Marines in Iraq see writing on the wall

"...before the Brits close the door behind them, someone else wants to leave too: the United States Marines, America's answer to ancient Greece's Spartan warriors.

According to a remarkable Wednesday article in The New York Times, the Marines have told the Joint Chiefs of Staff and Secretary of Defense Robert Gates that they'd much prefer to leave Iraq and go take over the fighting in Afghanistan from the U.S. Army, which has some 26,000 troops over there -- just about the same number as the 25,000 Marines currently mired in Iraq.

Very convenient. And very telling..."
"...He said the assault on the 300,000-population city Fallujah (the largest single battle the Marines fought in the war) was itself a war crime -- a collective punishment of a whole city for the butchering by insurgents based here of four American mercenaries earlier that year. Collective punishment -- a tactic routinely used by the Nazis in World War II -- was banned by the Nuremberg Charter, signed by the U.S., but was a stated reason for the leveling of Fallujah.

The UN Charter, the Geneva Conventions, and other laws aimed at making war less barbaric, mean nothing to this administration.

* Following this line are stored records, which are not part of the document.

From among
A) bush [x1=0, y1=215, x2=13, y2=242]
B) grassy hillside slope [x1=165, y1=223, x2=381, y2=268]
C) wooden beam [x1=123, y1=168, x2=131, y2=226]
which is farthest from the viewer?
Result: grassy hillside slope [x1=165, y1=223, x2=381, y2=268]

Such a war and such battle tactics are not what Marines, or what any decent human being, wants to be a part of. And yet, just looking at the death toll in Iraq -- over 1 million by one account, in a country of 24 million -- and a study by the Christian Science Monitor that showed the U.S. kill ratio, of enemy fighters to civilians to be 1:30, how can the Marines have avoided it?